The Economist Events’ India Summit convened more than 170 business leaders, entrepreneurs, leading academics and the foremost experts for a full day of fruitful discussions.
Under the theme ‘Setting course for sustainable growth’, the event put the spotlight on how India is performing on socio-economic issues from attracting investment and supporting agriculture to tackling unemployment and reforming energy policies.
The day kicked off with panellists taking a hard look at some of the concerns that need to be addressed to prop up a slowing economy. Sanjay Jha, national spokesperson for the Indian National Congress, reckons, “The government has blown an opportunity and lacks vision. For all the talks of ease of doing business in India, there is a lot of regulatory cholesterol.” What was more worrying for Prachi Mishra of Goldman Sachs was the “consumption slowdown that predates the non-banking financial crisis.”
“The government has the right intent,” said Hemant Kanoria, chairman of SREI, “But at the same time, it should take a practical approach to make things happen.” For instance, “if a person has a pain in the stomach, he is put in an ICU. You can’t have every missed payment classified as a non-performing asset,” citing the growing number of assets that is being slotted as ‘stressed’.

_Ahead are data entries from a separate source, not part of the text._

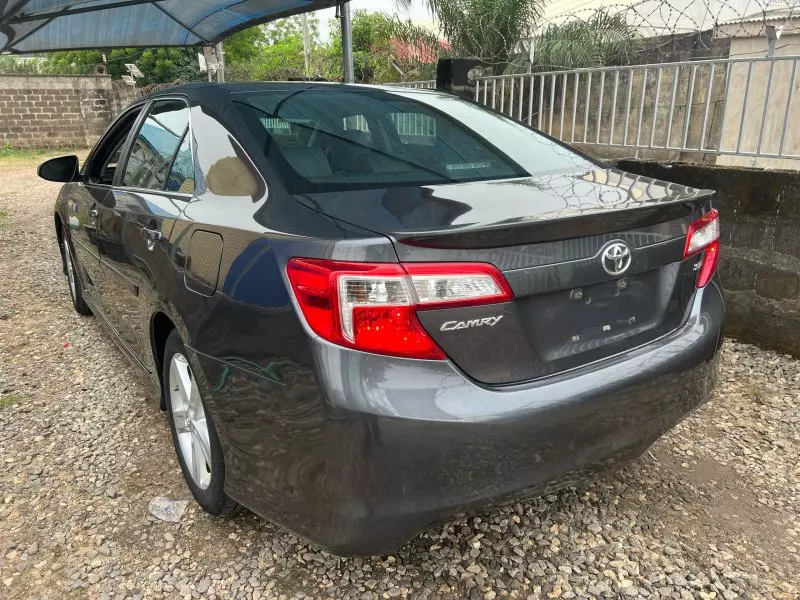 Toyota Camry   - 2013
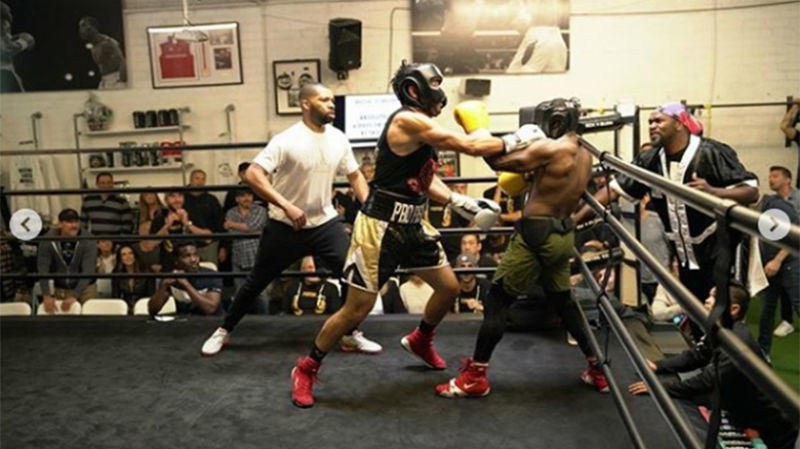 эсфандиари и харт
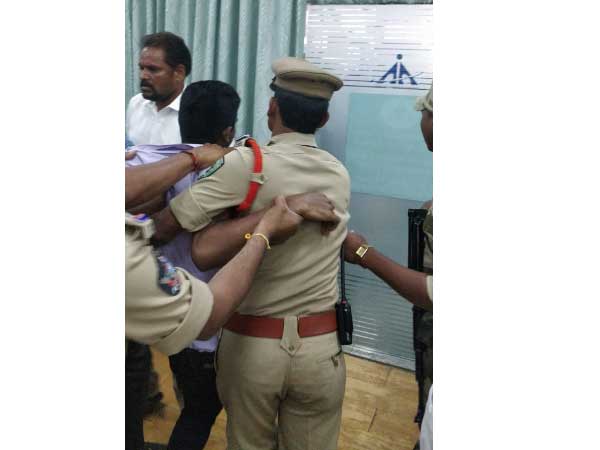 అనుమానాలకు తావిస్తోంది..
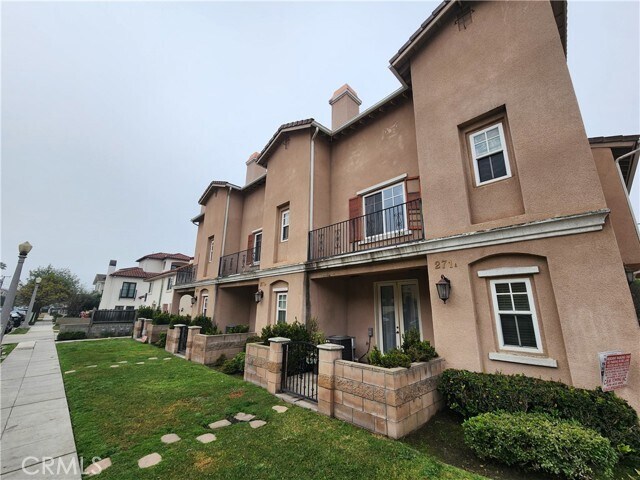 Building Photo - 271 S Arroyo Dr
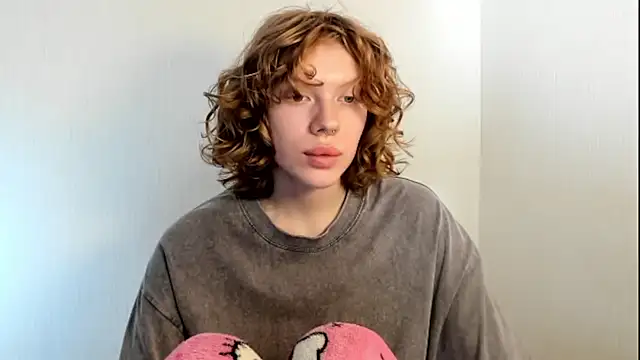 StellaDavis online show from 10/24/25, 08:02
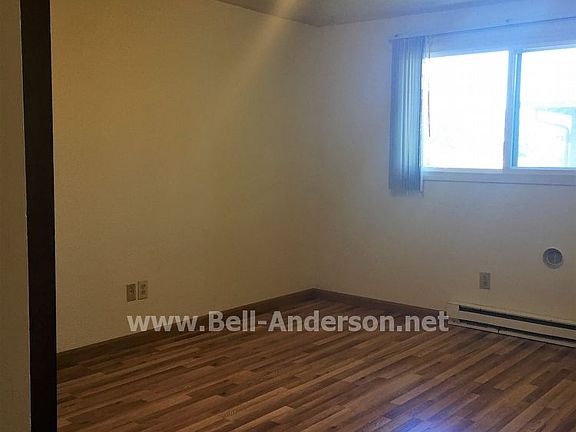 5th image of 21641 30th Ave S APT 4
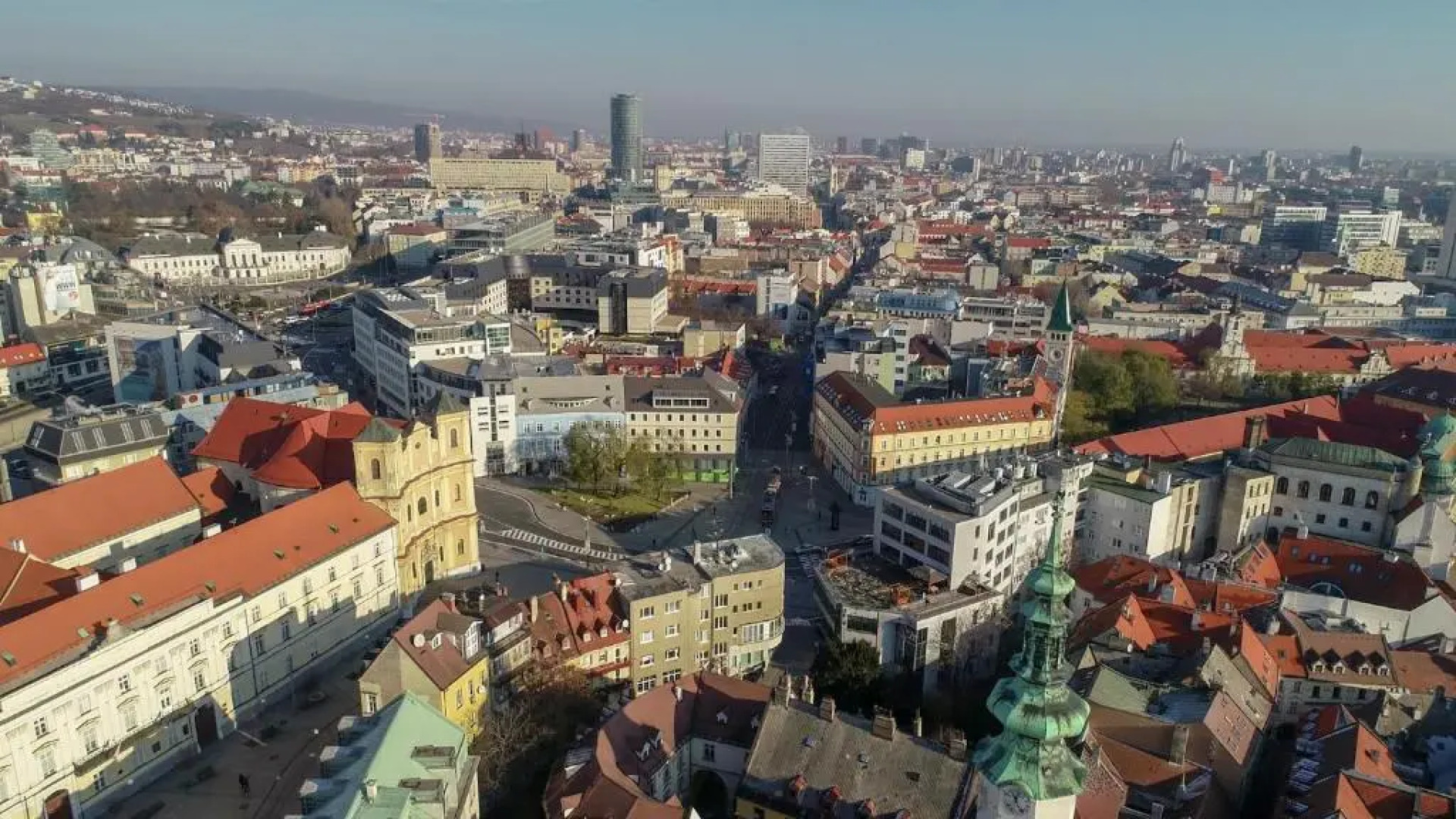 CHORS like a hotel - 1st World NFT Block & Art Capsule Hostel MetaCHORS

Panellists across the board agreed that grooming talent to make India future-ready was critical. “Talent will be the biggest challenge for technology. There is a need for re-skilling in technologies like artificial intelligence and machine learning,” said Rajesh Magow, co-founder and chief executive at MakeMyTrip. The role of technology in a changing business landscape was reiterated by Padma Parthasarathy, senior vice-president and global head, consulting and digital services at Tech Mahindra. “The pace of change is faster now. Customer demands are no longer based on just their IT specifications. Instead customers come to you to help them solve business problems,” she said.
Also, if “India has to become a $5tr economy, the banking sector has to step up in terms of credit growth,” said Zarin Daruwala, chief executive at Standard Chartered Bank India. But it is not all doom and gloom. For instance, “The cost of labour has gone up in China. A lot of countries are looking for alternatives,” she said. ”India can step up and grab that share. In China, the largest garment manufacturer has a $25bn turnover. In India, we don’t have one (manufacturer) that is one-fifth (of that amount). That’s a big opportunity.”
Despite rising in the ranks of the World Bank’s “Ease of doing business”, India still has a lot to do to cut red tape and bureaucracy. “The transportation and logistics cost as a percentage of GDP is between 12-14%. In efficient economies like Hong Kong, Singapore and many European countries (this statistic stands) between 5-8%. There is a need to bring it down to single digits,” said R S Subramanian, country manager at DHL Express India.
Lastly, economic development cannot come at the cost of social development. “Tackling inequality is the biggest challenge. Last year nine people had more wealth than 50% of India’s population,” said Amitabh Behar, chief executive at Oxfam India addressing the growing divide between rich and poor. “There is an immense amount of discrimination based on caste,” said Paul Divakar, founding member at National Campaign on Dalit Rights, as he highlighted the deaths of Dalits cleaning sewers in India. Vivek Anand, chief executive at Humsafar Trust shared a grim statistic: “65% of gay men drop out of school because of bullying.” There won’t be easy answers to fix such problems overnight. Sound policy and solid implementation will be a small start.